A visualization program can accept the trajectory data and display it, perhaps even in three dimensions using a 3D capable display. The visualization program can even display an animation by stepping through the time sequence of atomic trajectories. Furthermore, the output of the simulation can be fed directly into the visualization program so that a person can observe the changing system as each time step is computed and displayed.
The complexity of a MD system determines both how quickly each time step can be simulated and displayed. As more and more computer hardware is brought to bear, the faster the computations can be performed. This is important because faster simulation and display opens up the possibility for human interaction. A person can change the environment by, for non-limiting example, applying a force, changing the temperature, adding atoms, or removing atoms. Too slow a simulation means the person gets bored and walks away. A fast enough simulation means the person can play or work with the simulated molecular system. A person can change the environment through a set of GUI controls such as a temperature slider or even through a haptic device for directly manipulating the simulated atoms.
In order for people to be inventive with MD systems, they need enough computing power to enable a reasonable level of interaction with MD simulations. Most people and organizations can not afford to purchase and maintain computing systems having enough power that a person can interact with an MD simulation and receive near real-time feedback. Systems and methods providing more people and organizations with access to massive computational power are needed.

BRIEF SUMMARY

The following summary is provided to facilitate an understanding of some of the innovative features unique to the embodiments and is not intended to be a full description.
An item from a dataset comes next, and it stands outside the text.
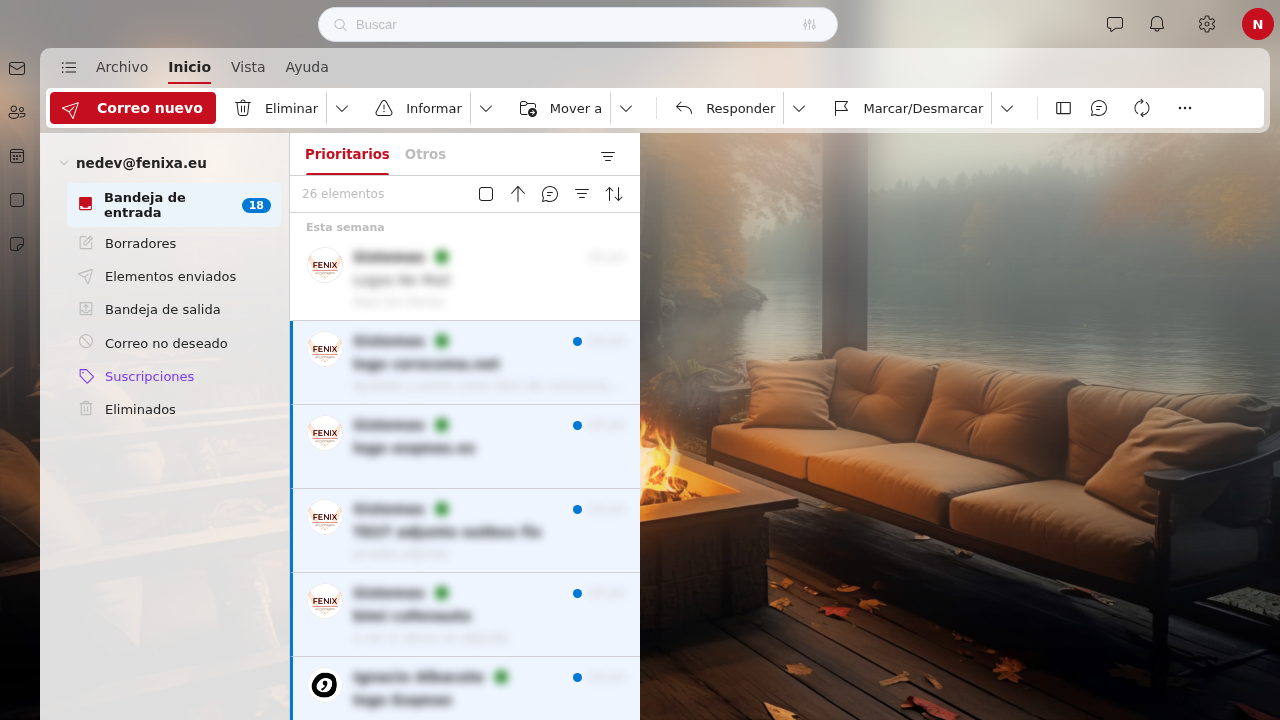 Bandeja de entrada de NE Mail — vista de escritorio con logos BIMI y sellos de verificación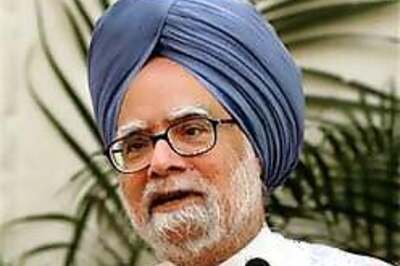 Manmohan Singh meets Ahmedinejad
A full appreciation of the various aspects of the embodiments can be gained by taking the entire specification, claims, drawings, and abstract as a whole.
It is therefore an aspect of the embodiments that a highly parallelized simulation code contains instructions for simultaneous execution by a large number of processors. The simulation code simulates a physical system such as a collection of atoms that attract each other, repel each other, form molecular bonds with each other, transfer energy with each other, and otherwise interact and react is the manner of atomic and molecular groupings in nature.
It is another aspect of the embodiments that a GPGPU cluster provides processors for running the simulation. The GPGPU cluster includes a plurality of central processing units (CPUs) and a plurality of general purpose graphics processing units (GPGPUs).
It is yet another aspect of the embodiments that a user can observe the simulation on a display unit and provide input to the simulation through an input device. For example, a molecular dynamics simulation can provide graphical output at discrete time steps and the user can move simulated atoms around, change the simulated temperature, or otherwise change the simulated system as the simulation steps along in time.
It is a further aspect of the embodiments that a master program divides the computational work required by the simulation code amongst the available processing units. The simulation code can produce data about the simulated physical system such as the positions and velocities of individual atoms. A visualization module can interpret the data to thereby produce the graphical representation of the simulated physical system that the user observes. Note that certain embodiments can produce two slightly offset graphical representations that can be provided to a 3D capable display such that the user can observe and interact with a 3D visualization of the simulated physical system.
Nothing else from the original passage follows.